Neben dem außergewöhnlichen Frauen-Team hinter der Kamera tragen auch die schauspielerischen Leistungen zu dem überaus stimmigen Gesamtbild bei: Wie die Hauptdarstellerin Shira Haas Estys Zerbrechlichkeit, ihre innere Zerrissenheit und ihre Suche nach sich selbst – häufig nur durch feine Veränderungen ihrer Mimik – darstellt, ist große Schauspielkunst und in jeder Sekunde überzeugend. Auch von der Figurenzeichnung war die Jury begeistert: Alle Figuren sind genau ausgearbeitet, nie eindimensional, sondern in ihrer Widersprüchlichkeit fein ausgelotet, absolut glaubwürdig und machen eine Entwicklung durch – und das in nahezu jeder einzelnen Szene. So ist auch Estys Ehemann Yanky im Grunde eine genauso tragische Figur wie Esty selbst. Auch er ist jemand, der durch die Regeln und Traditionen der Gemeinschaft in seine Rolle gedrängt wurde und selbst noch auf der Suche nach seinem Platz zu sein scheint.
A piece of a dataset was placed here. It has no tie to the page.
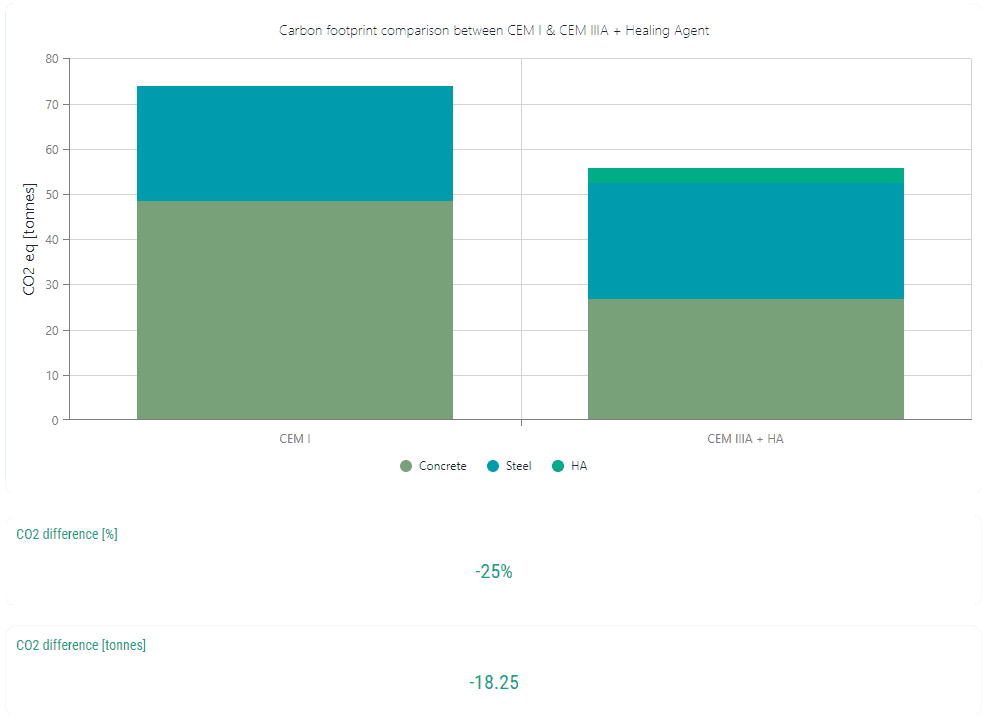 results tool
Zu loben ist auch der Mut, zugunsten der Glaubwürdigkeit etwa die Hälfte der Serie auf Jiddisch zu drehen und damit dem überwiegenden Anteil des Publikums Untertitel zuzumuten. Doch die Serie ist nicht nur mutig, sondern macht auch Mut: all jenen, die sich in einer ähnlichen Situation wie Esty befinden. Es lohnt sich, um ein selbstbestimmtes Leben zu kämpfen.